MSK Connect and Replicator Cost Checks for Data Platform Teams

Teams usually search for “MSK Cost” after the first Kafka bill stops matching the mental model. The cluster may still look right on paper: three brokers, sensible retention, enough partitions, and a managed control plane. Then a new line item appears because data is being moved out of the cluster, copied into another region, processed by a connector, or routed through a private connectivity path. At that point, the question is no longer “How much does a broker cost?” It is “Which data paths are we paying for every time a record moves?”

That distinction matters because Amazon MSK is often only one part of the production streaming footprint. MSK Connect runs managed Kafka Connect workers for source and sink integration. MSK Replicator moves data between MSK clusters for same-region or cross-region replication. Private connectivity, cross-region transfer, storage throughput, and consumer fan-out can all sit around the cluster. Each service is reasonable in isolation, but the combined bill follows workload shape more than cluster size.

The practical way to evaluate MSK cost is to separate three layers: the base Kafka cluster, the data movement services around it, and the cloud network boundary those services cross. This gives platform, SRE, and FinOps teams a shared worksheet. It also keeps the architecture discussion respectful. A managed Kafka service can be the right answer for many AWS-native teams, while a Kafka-compatible shared-storage engine can be worth evaluating when the expensive part is repeated data movement rather than Kafka protocol support.

The Cost Unit Is the Data Path

The base MSK cluster has visible cost drivers: broker instance hours, storage, optional provisioned storage throughput, and, for some modes, data in or data out. Those are the line items most teams model first because they map directly to capacity planning. If write throughput grows, broker and storage planning changes. If retention grows, storage planning changes. If partition count grows, the operational envelope changes.

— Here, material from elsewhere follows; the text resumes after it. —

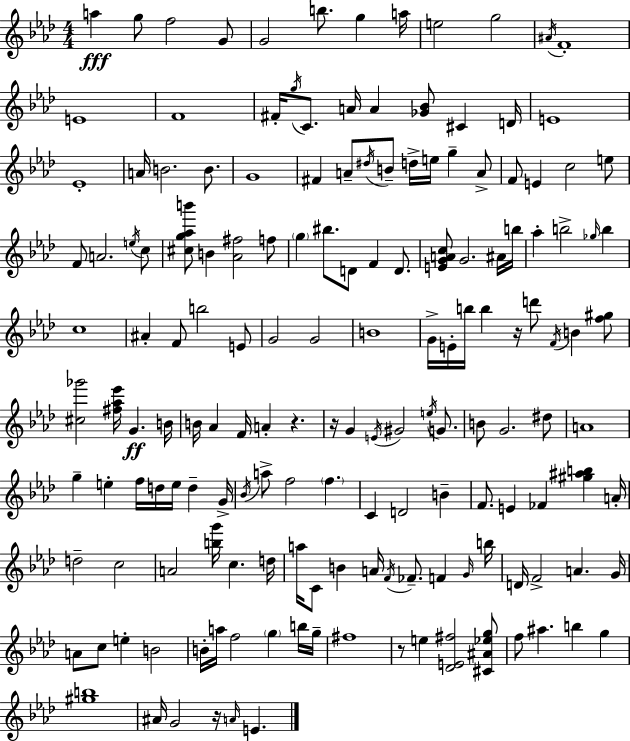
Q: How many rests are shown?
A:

MSK Connect and MSK Replicator add a different pattern. MSK Connect is priced around connector workers and MSK Connect Units, or MCUs. AWS documentation describes each MCU as 1 vCPU and 4 GiB of memory, with connector capacity determined by workers multiplied by MCUs per worker. MSK Replicator pricing is based on data processed, and for cross-region replication AWS also applies standard cross-region data transfer charges. In active-active configurations using identical topic names, AWS notes that each Replicator can process twice the usual data because it must filter records to prevent loops.

Those details turn a pricing review into a topology review. A connector that scales during business hours has a time-weighted compute profile. A replication flow that copies topics across regions has a throughput profile. A private connectivity path has a network-processing profile. All three may be attached to the same Kafka estate, but they do not scale in the same way.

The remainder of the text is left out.